* Try it *
Please return the lines, both ends included, that run from the one containing "Old-World Cottage Flowers" to the last line of the data below, exactly and alone.

* The input *
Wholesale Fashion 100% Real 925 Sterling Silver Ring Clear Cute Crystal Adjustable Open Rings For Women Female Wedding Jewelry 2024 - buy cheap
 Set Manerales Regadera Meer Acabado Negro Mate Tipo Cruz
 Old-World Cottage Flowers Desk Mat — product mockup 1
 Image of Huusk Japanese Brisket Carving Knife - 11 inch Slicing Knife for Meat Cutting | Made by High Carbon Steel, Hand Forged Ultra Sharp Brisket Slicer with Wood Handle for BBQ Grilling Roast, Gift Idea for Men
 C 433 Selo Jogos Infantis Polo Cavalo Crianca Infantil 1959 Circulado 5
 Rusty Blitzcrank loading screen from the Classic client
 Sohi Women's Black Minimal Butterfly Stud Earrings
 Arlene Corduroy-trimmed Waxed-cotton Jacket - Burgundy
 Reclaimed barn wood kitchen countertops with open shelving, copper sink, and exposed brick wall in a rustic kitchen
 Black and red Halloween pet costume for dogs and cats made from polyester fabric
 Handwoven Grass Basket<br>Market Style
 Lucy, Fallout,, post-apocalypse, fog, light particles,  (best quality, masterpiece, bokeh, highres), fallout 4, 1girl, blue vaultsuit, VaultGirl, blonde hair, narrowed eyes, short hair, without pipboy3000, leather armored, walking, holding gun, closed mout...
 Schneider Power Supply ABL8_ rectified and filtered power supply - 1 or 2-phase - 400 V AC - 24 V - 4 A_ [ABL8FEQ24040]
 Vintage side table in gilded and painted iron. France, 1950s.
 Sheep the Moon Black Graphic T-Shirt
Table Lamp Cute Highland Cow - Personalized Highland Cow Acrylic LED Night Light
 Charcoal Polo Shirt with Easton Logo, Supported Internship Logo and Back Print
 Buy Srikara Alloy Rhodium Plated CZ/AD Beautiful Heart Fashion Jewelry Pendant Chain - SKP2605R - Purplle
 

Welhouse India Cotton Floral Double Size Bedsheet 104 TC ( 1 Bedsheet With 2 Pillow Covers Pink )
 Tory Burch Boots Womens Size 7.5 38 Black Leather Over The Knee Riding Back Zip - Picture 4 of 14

* Solution for this task *
 Old-World Cottage Flowers Desk Mat — product mockup 1
 Image of Huusk Japanese Brisket Carving Knife - 11 inch Slicing Knife for Meat Cutting | Made by High Carbon Steel, Hand Forged Ultra Sharp Brisket Slicer with Wood Handle for BBQ Grilling Roast, Gift Idea for Men
 C 433 Selo Jogos Infantis Polo Cavalo Crianca Infantil 1959 Circulado 5
 Rusty Blitzcrank loading screen from the Classic client
 Sohi Women's Black Minimal Butterfly Stud Earrings
 Arlene Corduroy-trimmed Waxed-cotton Jacket - Burgundy
 Reclaimed barn wood kitchen countertops with open shelving, copper sink, and exposed brick wall in a rustic kitchen
 Black and red Halloween pet costume for dogs and cats made from polyester fabric
 Handwoven Grass Basket<br>Market Style
 Lucy, Fallout,, post-apocalypse, fog, light particles,  (best quality, masterpiece, bokeh, highres), fallout 4, 1girl, blue vaultsuit, VaultGirl, blonde hair, narrowed eyes, short hair, without pipboy3000, leather armored, walking, holding gun, closed mout...
 Schneider Power Supply ABL8_ rectified and filtered power supply - 1 or 2-phase - 400 V AC - 24 V - 4 A_ [ABL8FEQ24040]
 Vintage side table in gilded and painted iron. France, 1950s.
 Sheep the Moon Black Graphic T-Shirt
Table Lamp Cute Highland Cow - Personalized Highland Cow Acrylic LED Night Light
 Charcoal Polo Shirt with Easton Logo, Supported Internship Logo and Back Print
 Buy Srikara Alloy Rhodium Plated CZ/AD Beautiful Heart Fashion Jewelry Pendant Chain - SKP2605R - Purplle
 

Welhouse India Cotton Floral Double Size Bedsheet 104 TC ( 1 Bedsheet With 2 Pillow Covers Pink )
 Tory Burch Boots Womens Size 7.5 38 Black Leather Over The Knee Riding Back Zip - Picture 4 of 14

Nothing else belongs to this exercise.